S’il fallait que je résume ces trois problèmes en un seul plus général, alors je dirais que l’ASSÉ souffre d’un manque de solidarité. C’est l’aliment principal de tout syndicat, sans quoi il ne peut pas vraiment vivre. L’ASSÉ doit donc: travailler à ce que sa base reprenne le goût de s’impliquer pour des enjeux qui touchent toutes les étudiantes et tous les étudiants, construire une véritable solidarité féministe dans ses rangs et finalement rétablir la confiance de ses associations locales pour qu’elles redeviennent solidaires entre elles et emploient l’argent de leurs cotisations à bon escient. Bien sûr, lorsque je dis « l’ASSÉ doit », je veux dire « tous les membres et toutes les membres de l’ASSÉ doivent »! Car une association syndicale n’est rien sauf l’ensemble de ses membres qui sont prêts et prêtes à lutter, uni-es. Les problèmes de l’ASSÉ ne lui sont pas nécessairement uniques, ce sont des dangers qui guettent tout syndicat.

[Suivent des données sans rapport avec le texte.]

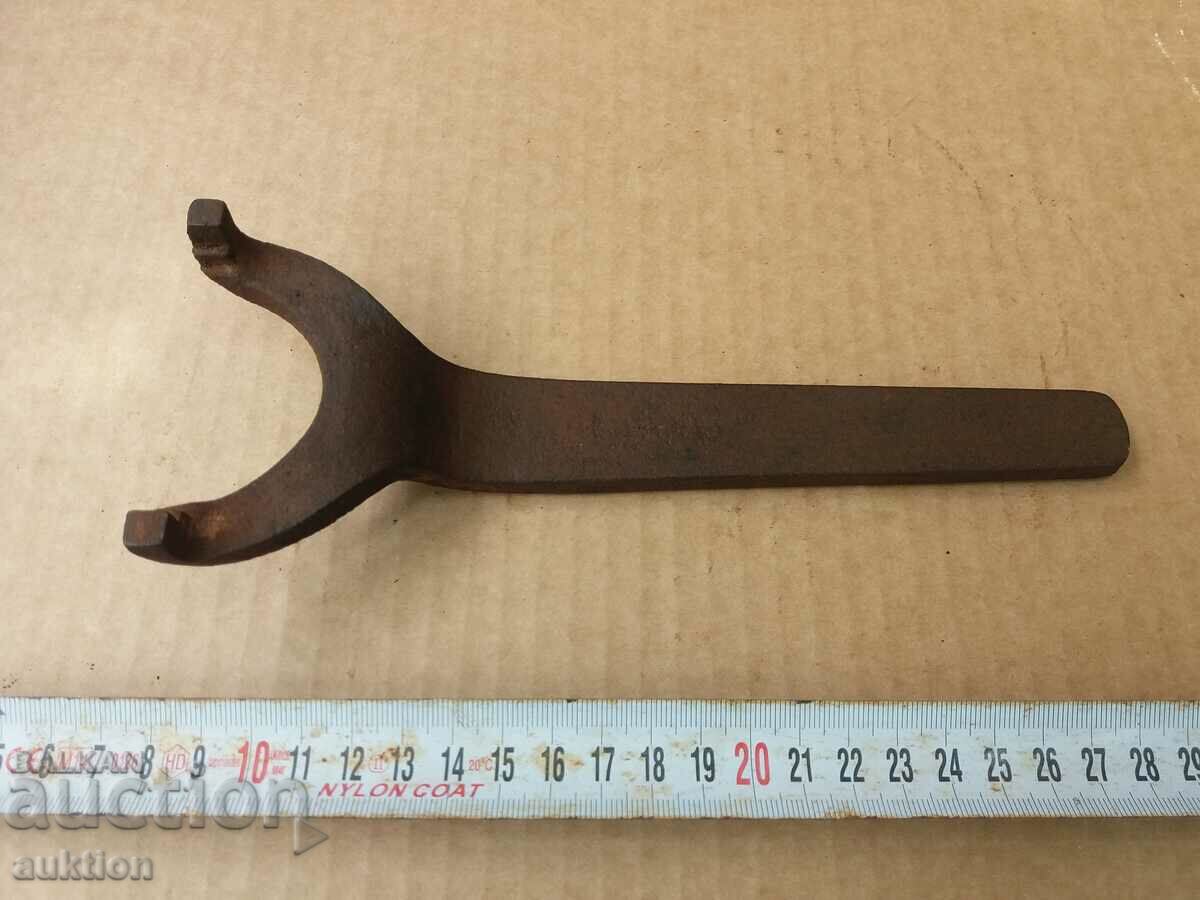 Доставка на ИНСТРУМЕНТ, КЛЮЧ - ИНТЕРЕСЕН КОВАНО ЖЕЛЯЗО Доставка на ИНСТРУМЕНТ, КЛЮЧ - ИНТЕРЕСЕН КОВАНО ЖЕЛЯЗО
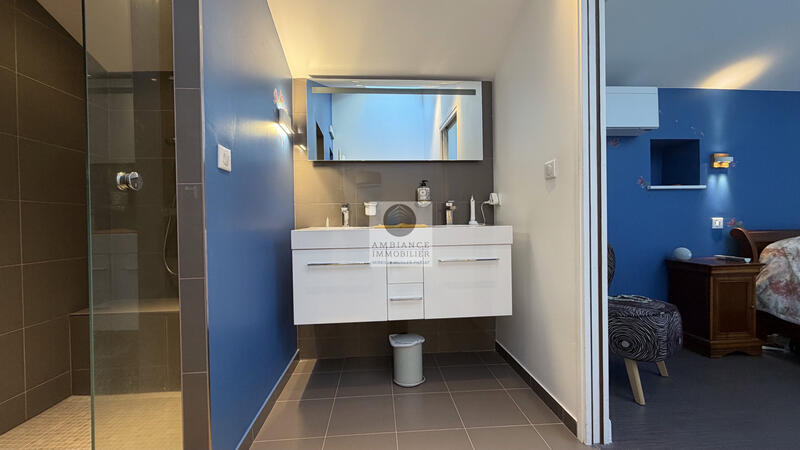 Maison - 185 m² - 9 pièces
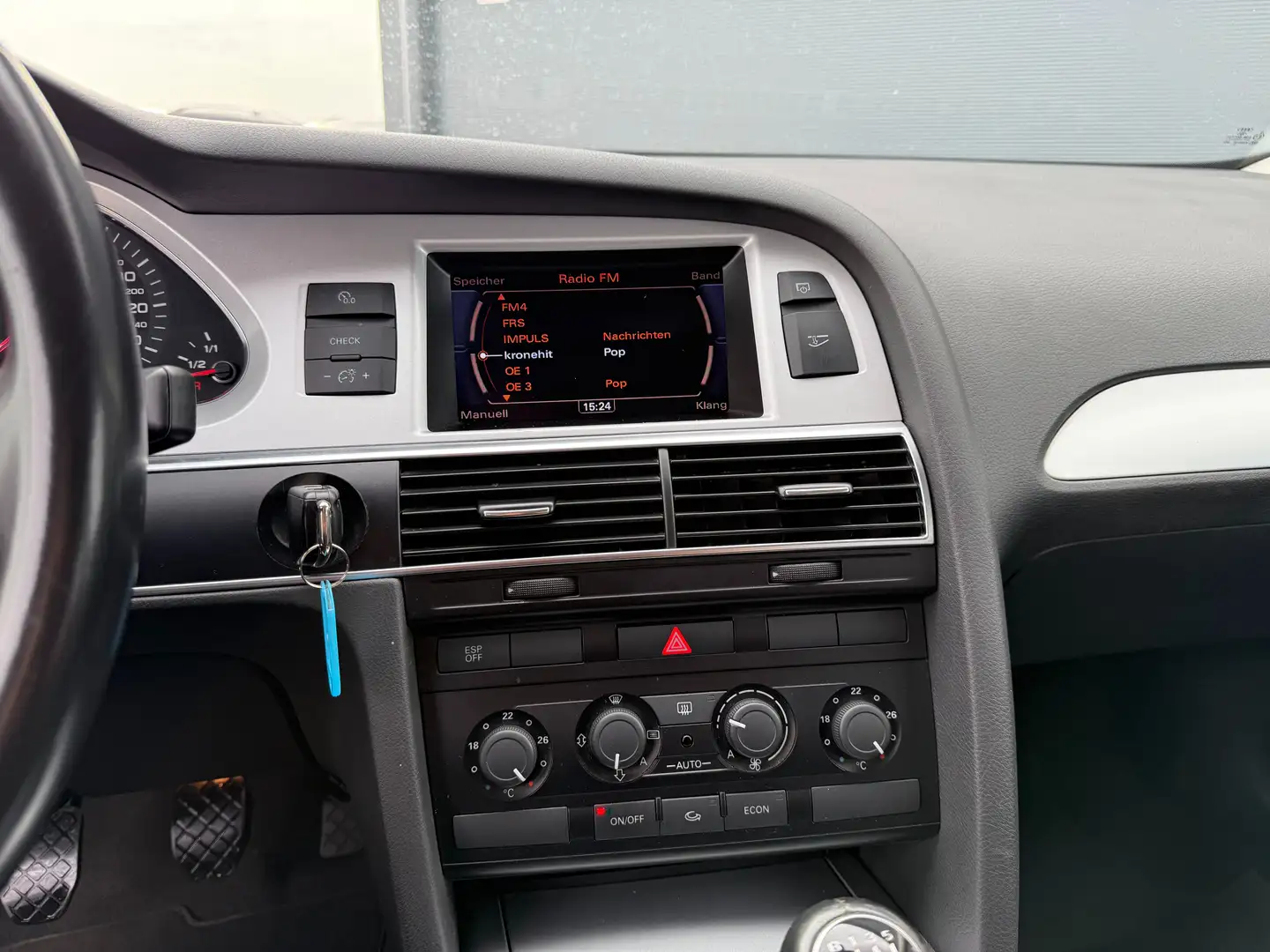 Vehicle image, number 16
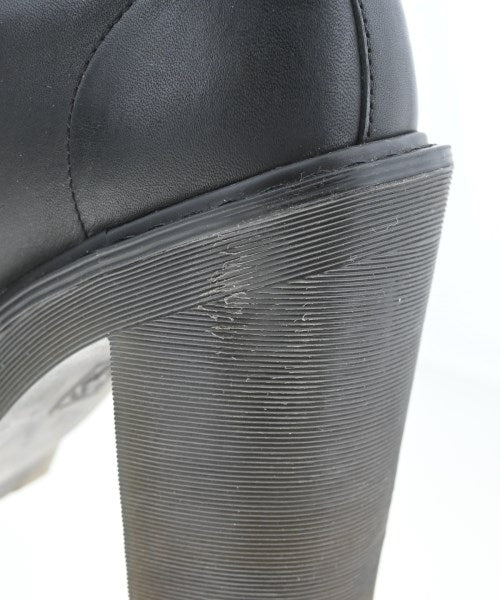 Dr.Martens 靴子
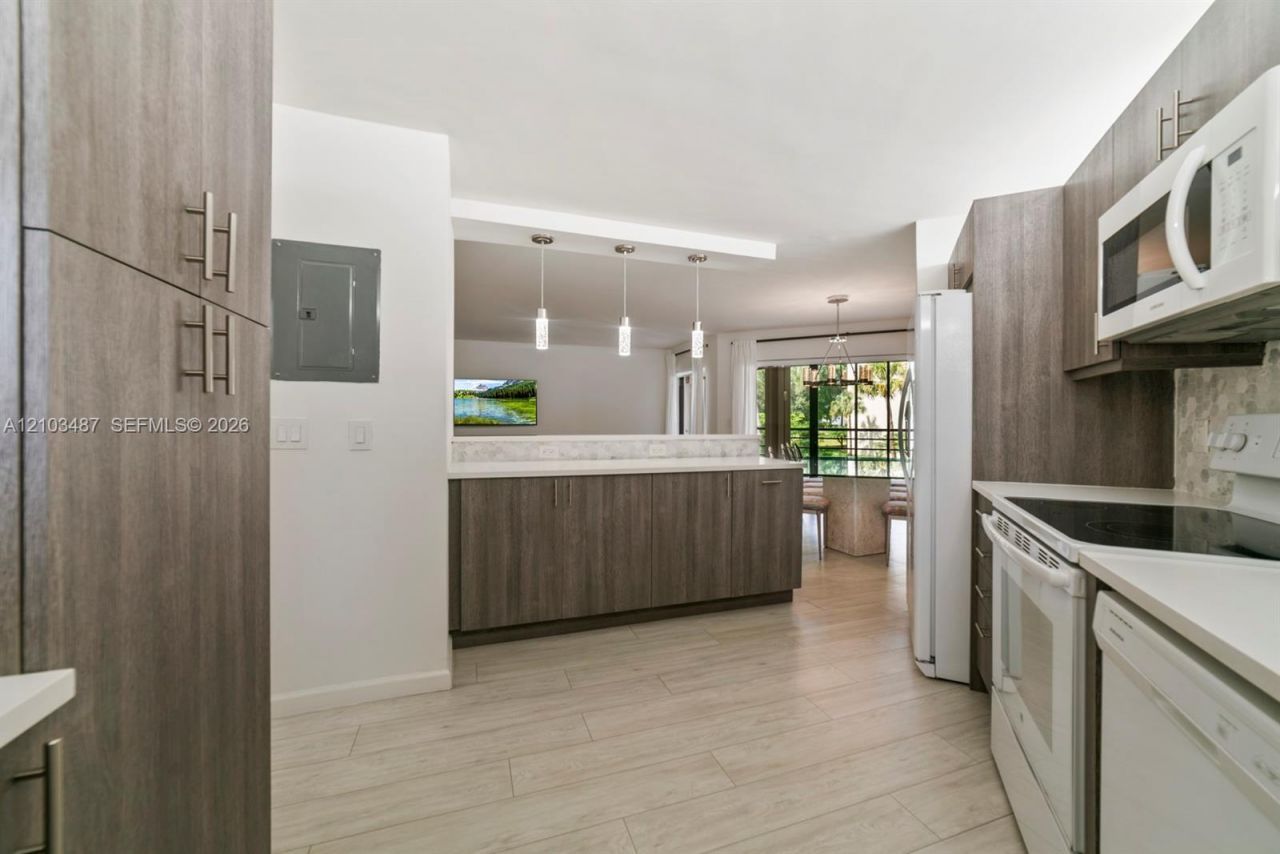5850 Camino Del Sol , Unit 206, Boca Raton, FL 33433 Photo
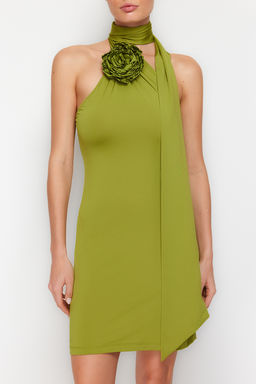 TRENDYOLMILLA Yag Yesil Vucuda Oturan Gul Detayl? Orme K?sa S?k Abiye Elbise TPRSS24EL00095  фото 5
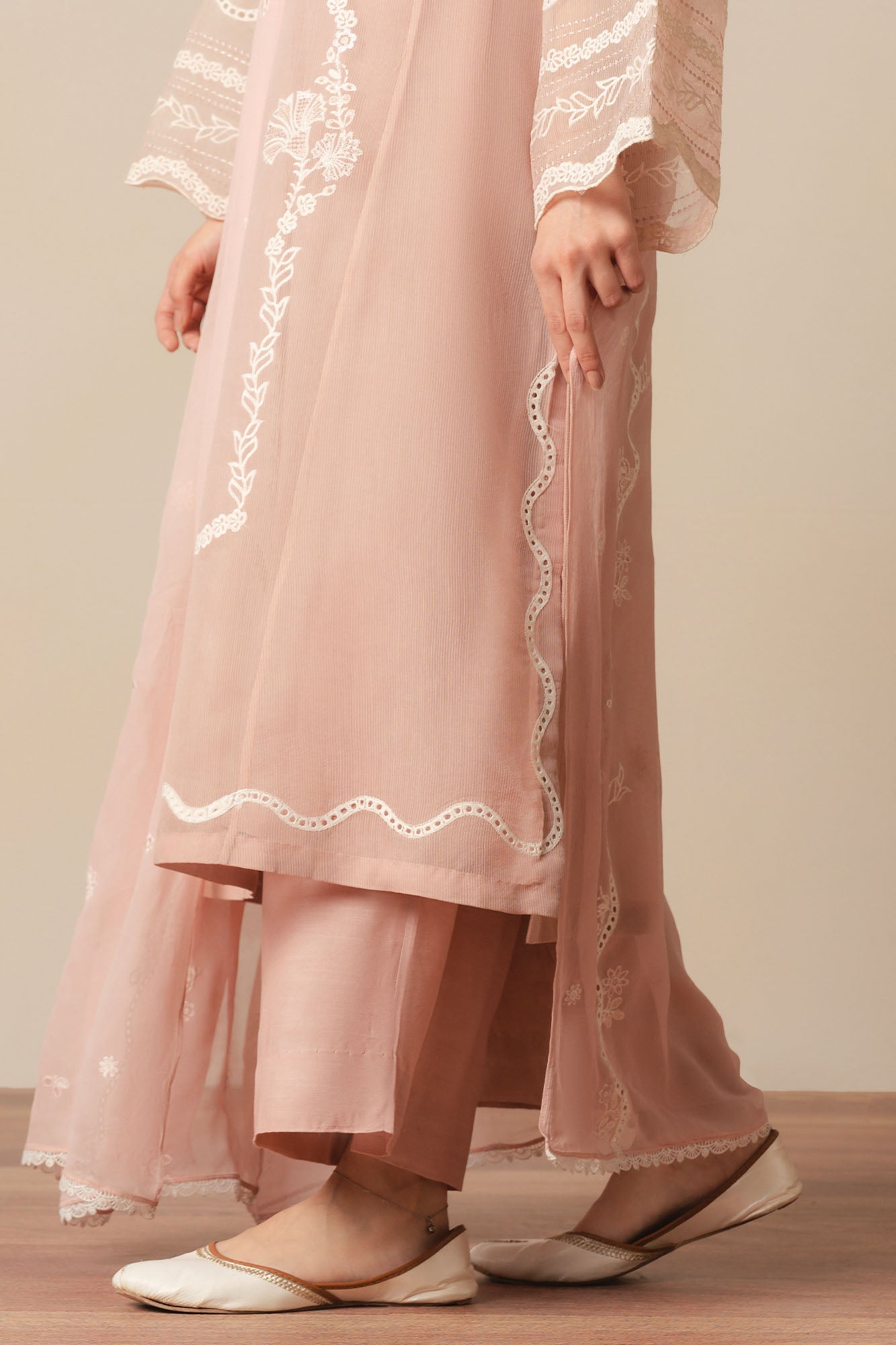 CREAM BLUSH -3PC (SHIRT, TROUSER & DUPATTA)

La solidarité est à la fois un moyen de lutte et un objectif à atteindre, qui ne doit jamais être perdue de vue.

 

La solidarité syndicale étudiante

C’est donc à ça que le milieu syndical a à voir avec la politique étudiante. Leurs objectifs et méthodes peuvent varier, mais les associations étudiantes ont tout à gagner d’adopter le modèle syndical, et tout à perdre de s’en délaisser. L’ASSÉ fut un temps le véhicule le plus populaire de cette solidarité politique étudiante, mais ce n’est peut-être plus le cas aujourd’hui. Je n’y suis pas attaché, j’étais trop jeune pour vraiment participer à la grève de 2012, mais je n’y suis pas aussi catégoriquement opposé que d’autres peuvent l’être. Ce qui m’importe, et ce pour quoi j’argumente, c’est une association étudiante qui vit une vraie solidarité et qui est véritablement en mesure de mettre en action des moyens de pression syndicaux pour faire valoir ses revendications. Je l’ai vu au congrès de l’ASSÉ, les associations locales veulent travailler ensemble, elles veulent lutter ensemble, même celles qui sont en faveur de la dissolution. Des coalitions d’individus pourraient bien mobiliser les étudiants et étudiantes, mais seule une approche syndicale peut entretenir un rapport de force assez importante pour faire fléchir le gouvernement. L’ASSÉ et ses membres font face au choix difficile de laisser mourir un engin de mobilisation autrefois puissant, ou de miser sur la réanimation de ce qui reste de cet engin. Il faut simplement faire en sorte que la solidarité, elle, reste bien vivante. Qui sait, l’ASSÉ et les autres associations étudiantes feraient peut-être bien de s’inspirer de ce que les Wobblies font à Montréal? Après tout c’est un modèle syndical tel que celui du SITT-IWW qui prône la solidarité dans toutes ses luttes!